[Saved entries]
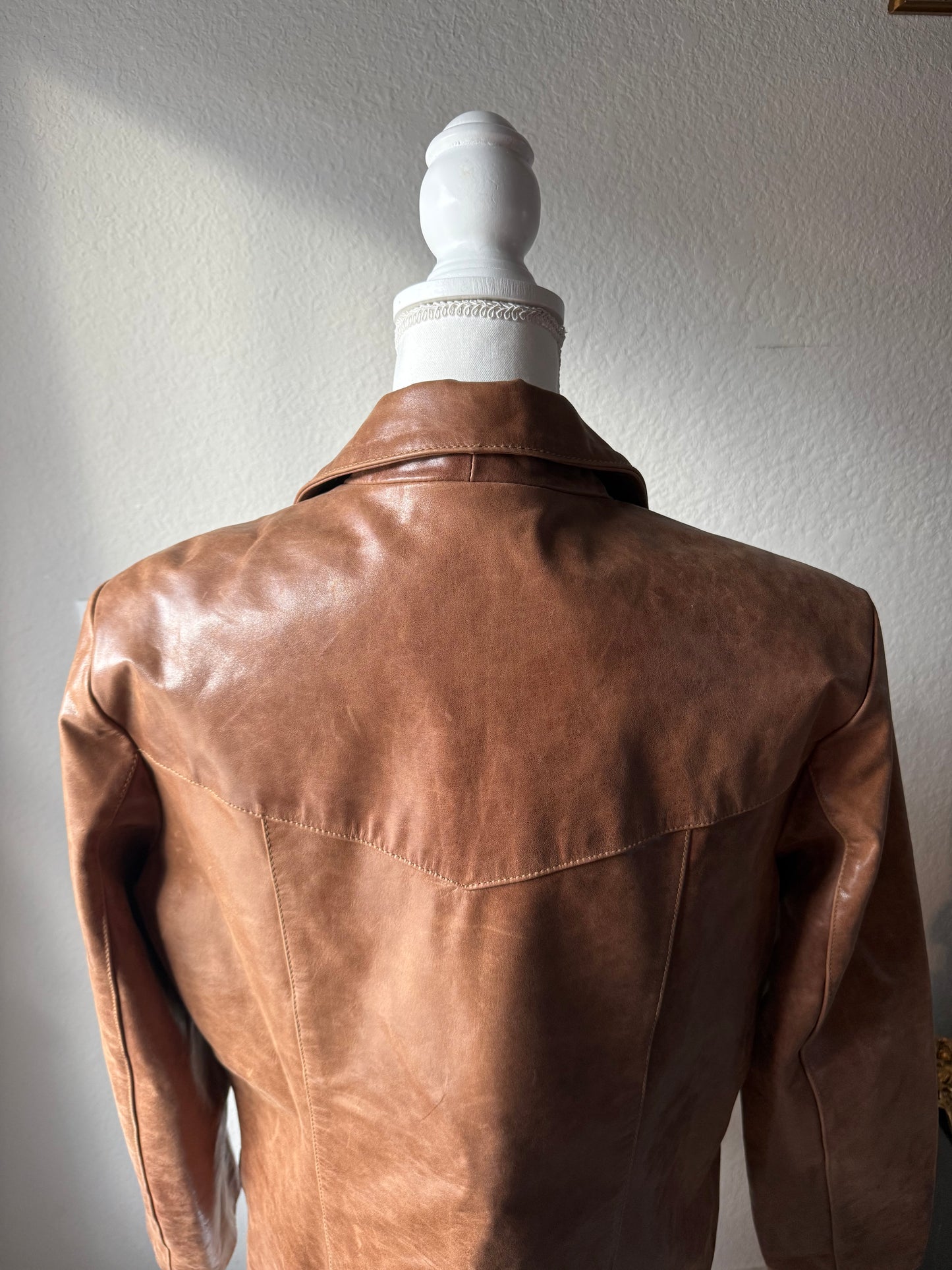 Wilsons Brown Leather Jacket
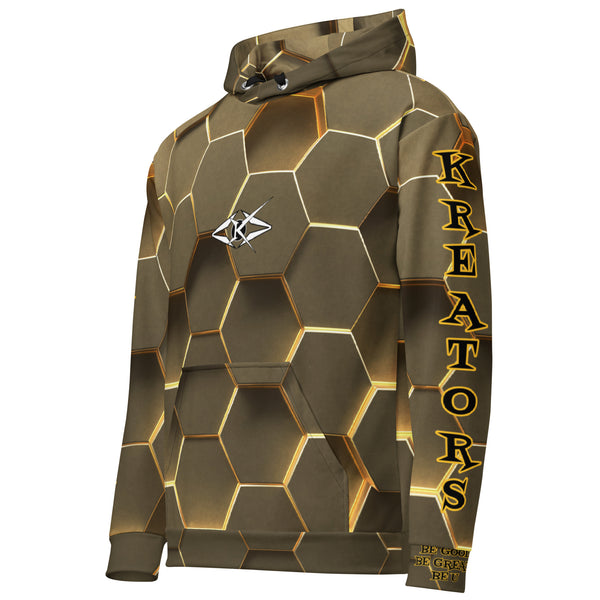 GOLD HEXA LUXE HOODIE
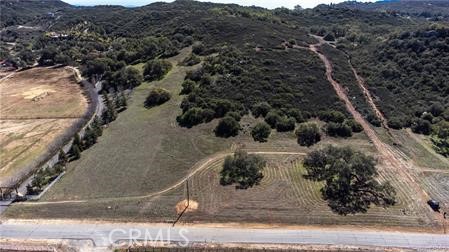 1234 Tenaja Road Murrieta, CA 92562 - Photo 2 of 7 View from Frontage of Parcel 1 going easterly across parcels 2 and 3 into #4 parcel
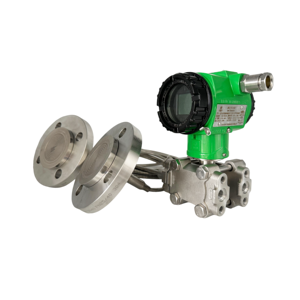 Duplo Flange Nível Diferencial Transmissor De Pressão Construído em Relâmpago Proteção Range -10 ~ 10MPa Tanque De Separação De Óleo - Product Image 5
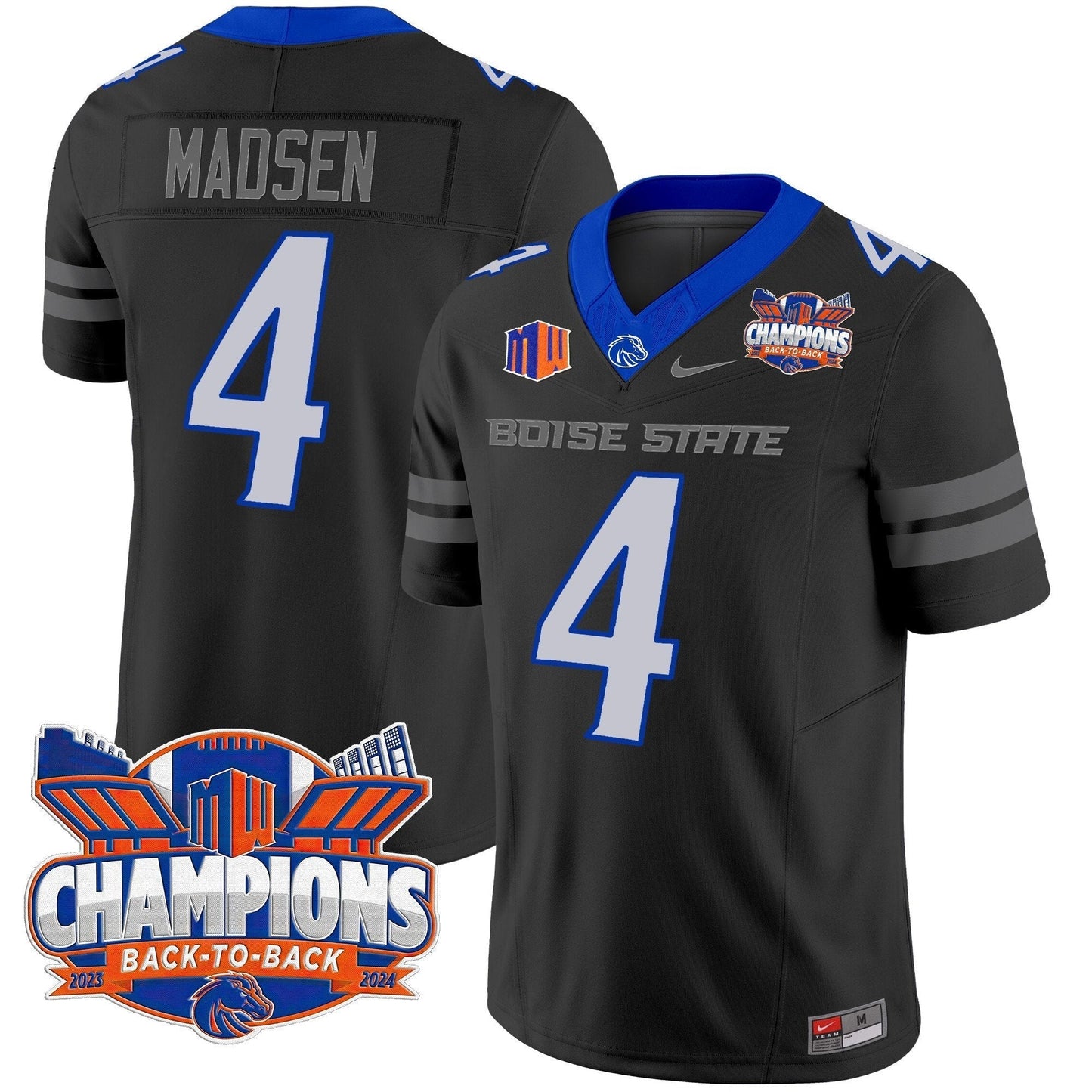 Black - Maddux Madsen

* What to work on *
Beginning with the line that contains "1234 Tenaja Road", output every line down to the last line of the entries above exactly as written, apart from the pictures.

* Your response *
 1234 Tenaja Road Murrieta, CA 92562 - Photo 2 of 7 View from Frontage of Parcel 1 going easterly across parcels 2 and 3 into #4 parcel
 Duplo Flange Nível Diferencial Transmissor De Pressão Construído em Relâmpago Proteção Range -10 ~ 10MPa Tanque De Separação De Óleo - Product Image 5
 Black - Maddux Madsen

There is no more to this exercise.